UNSPRUNG weight is a term often thrown around when talking about high-performance cars and racecar chassis engineering and, while most petrolheads grasp the concept that minimised unsprung weight is a good thing, fewer know why or what it actually is.

Put simply, any mass of a vehicle that is not supported by the suspension system is regarded as unsprung weight, while the relatively large sprung mass is the portion of vehicle weight that is insulated from the road by the suspension.

Unsprung weight poses a completely different set of engineering challenges compared with the majority of vehicle weight which is sprung and carmakers are constantly developing new ways of cutting the kilos.

Wheels, tyres, outboard brakes and axles are all examples of unsprung weight, but components such as springs, dampers and suspension arms that provide some support while also contributing mass fall into a different twilight zone.

As a general rule, half of the weight of these hybrid masses is considered sprung, while the other 50 per cent is included as total unsprung weight, so that’s how you tot-up the total, but why does it matter?

A tyre contact patch that has constant contact with the asphalt or even loose surfaces will provide better traction, resulting in improved cornering performance, handling and driving dynamics.

Explained: Variable Compression

It is far easier to maintain contact with a perfectly smooth road but imperfections and lumps will do their best to throw the tyre away from the surface and the inertial effect is amplified as speeds increase.

It’s the same principle as a car approaching a ramp at different speeds. Attack the ramp slowly and the vehicle will fall off the end immediately and re-join the surface quickly, but with a bit more speed the car will stay away from the ground for longer.

With a lower unsprung weight, the tyre can be pushed back against the black-top by the suspension faster thanks to the lower inertia (an object’s reluctance to changing direction or speed). Lower unsprung weight usually results in better chassis characteristics because grip is good. It’s that simple.

But reducing unsprung weight is often far harder than sprung weight minimisation. While the body, passenger cell, interior components, glazing, powertrain and even electronics offer many possibilities for weight removal, unsprung components are typically made from dense, high-strength and heavy materials that are more difficult to trim down without sacrificing essential strength.

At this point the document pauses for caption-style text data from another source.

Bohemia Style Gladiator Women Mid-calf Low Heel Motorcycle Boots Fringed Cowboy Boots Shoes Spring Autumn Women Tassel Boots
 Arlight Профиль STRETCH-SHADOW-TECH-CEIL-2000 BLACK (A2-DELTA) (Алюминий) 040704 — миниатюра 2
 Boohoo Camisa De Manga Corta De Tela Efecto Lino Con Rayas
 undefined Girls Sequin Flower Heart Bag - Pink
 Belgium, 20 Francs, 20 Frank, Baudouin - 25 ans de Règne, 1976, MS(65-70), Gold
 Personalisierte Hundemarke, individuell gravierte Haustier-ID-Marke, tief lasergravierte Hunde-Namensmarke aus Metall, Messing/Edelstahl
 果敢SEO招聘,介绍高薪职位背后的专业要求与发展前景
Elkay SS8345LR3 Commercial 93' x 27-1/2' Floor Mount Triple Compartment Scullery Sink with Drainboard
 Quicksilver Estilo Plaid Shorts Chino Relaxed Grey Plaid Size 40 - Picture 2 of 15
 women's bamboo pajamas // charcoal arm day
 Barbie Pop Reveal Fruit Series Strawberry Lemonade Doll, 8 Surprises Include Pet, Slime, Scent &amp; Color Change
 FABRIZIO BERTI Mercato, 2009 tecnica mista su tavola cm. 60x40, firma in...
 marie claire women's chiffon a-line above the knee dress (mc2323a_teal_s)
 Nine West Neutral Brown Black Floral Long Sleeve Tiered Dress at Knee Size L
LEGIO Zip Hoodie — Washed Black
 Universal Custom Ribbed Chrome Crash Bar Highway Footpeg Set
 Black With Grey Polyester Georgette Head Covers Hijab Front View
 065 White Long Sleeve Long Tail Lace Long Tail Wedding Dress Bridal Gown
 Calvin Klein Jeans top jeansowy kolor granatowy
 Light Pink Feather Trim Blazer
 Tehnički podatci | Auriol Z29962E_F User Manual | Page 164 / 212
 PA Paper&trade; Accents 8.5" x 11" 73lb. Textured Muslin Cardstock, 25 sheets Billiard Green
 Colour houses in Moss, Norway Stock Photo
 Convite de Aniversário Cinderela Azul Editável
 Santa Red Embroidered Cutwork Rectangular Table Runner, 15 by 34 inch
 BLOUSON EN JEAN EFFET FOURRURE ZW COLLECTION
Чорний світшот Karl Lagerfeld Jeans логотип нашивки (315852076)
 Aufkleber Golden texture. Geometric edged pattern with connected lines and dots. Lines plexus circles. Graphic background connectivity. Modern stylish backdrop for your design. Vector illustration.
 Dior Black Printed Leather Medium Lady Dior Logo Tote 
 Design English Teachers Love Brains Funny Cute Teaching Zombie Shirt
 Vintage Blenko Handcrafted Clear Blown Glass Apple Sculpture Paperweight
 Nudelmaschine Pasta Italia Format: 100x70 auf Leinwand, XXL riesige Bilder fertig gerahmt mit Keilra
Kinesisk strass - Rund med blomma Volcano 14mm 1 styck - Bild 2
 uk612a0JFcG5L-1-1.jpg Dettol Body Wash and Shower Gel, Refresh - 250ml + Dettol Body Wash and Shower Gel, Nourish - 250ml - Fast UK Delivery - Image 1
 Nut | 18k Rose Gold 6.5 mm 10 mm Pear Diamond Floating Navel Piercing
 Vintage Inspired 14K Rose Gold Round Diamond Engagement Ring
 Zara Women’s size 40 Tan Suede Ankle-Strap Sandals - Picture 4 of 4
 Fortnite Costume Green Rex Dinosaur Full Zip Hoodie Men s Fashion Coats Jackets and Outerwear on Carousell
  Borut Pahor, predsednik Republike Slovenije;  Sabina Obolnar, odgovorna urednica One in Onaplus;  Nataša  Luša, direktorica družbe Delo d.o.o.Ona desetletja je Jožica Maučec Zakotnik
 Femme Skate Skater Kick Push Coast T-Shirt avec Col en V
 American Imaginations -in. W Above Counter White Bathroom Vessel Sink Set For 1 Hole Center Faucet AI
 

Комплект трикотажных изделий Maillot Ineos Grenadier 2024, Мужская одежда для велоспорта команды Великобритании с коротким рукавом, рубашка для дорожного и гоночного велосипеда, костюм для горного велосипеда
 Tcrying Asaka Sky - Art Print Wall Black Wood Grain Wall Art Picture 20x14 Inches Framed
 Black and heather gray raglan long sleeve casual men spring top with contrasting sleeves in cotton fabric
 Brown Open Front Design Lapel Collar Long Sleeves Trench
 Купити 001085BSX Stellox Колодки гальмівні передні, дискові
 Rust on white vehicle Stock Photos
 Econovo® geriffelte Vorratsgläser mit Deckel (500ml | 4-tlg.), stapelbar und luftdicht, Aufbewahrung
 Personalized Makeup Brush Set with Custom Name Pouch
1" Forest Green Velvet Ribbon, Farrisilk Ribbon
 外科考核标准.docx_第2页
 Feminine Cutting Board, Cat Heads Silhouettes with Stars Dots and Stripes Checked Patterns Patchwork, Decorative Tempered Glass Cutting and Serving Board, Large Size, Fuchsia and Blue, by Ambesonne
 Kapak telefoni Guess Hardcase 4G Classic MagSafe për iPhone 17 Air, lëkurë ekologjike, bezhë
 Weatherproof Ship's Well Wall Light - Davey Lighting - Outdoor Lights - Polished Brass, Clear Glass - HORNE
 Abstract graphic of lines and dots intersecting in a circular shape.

But modern design and materials technology is allowing significant steps in unsprung mass reduction.

When cast aluminium alloy wheels upstaged pressed steel rims, significant gains were possible in chassis performance, and the science has continued to progress with forged alloy wheels.

The Carbon Revolution rims fitted to the Ford Shelby Mustang GT350R weigh just eight kilograms each and offer the ultimate in handling optimisation. Despite their weight, they are also tough and have to survive cruel kerb impact testing without significant damage.

Beyond wheel design, some car makers are experimenting with innovative suspension springs, including a fibreglass coil spring conceived by Audi that is 40 per cent lighter than conventional steel versions.

Hugely expensive carbon-ceramic brake discs are known for their ability to absorb and dissipate massive amounts of heat without complaint when punished on the race track, but the composite material rotors are also significantly lighter than the iron versions that used to be the only option.

It might be a serious design challenge but, when it comes to unsprung weight, less is definitely more.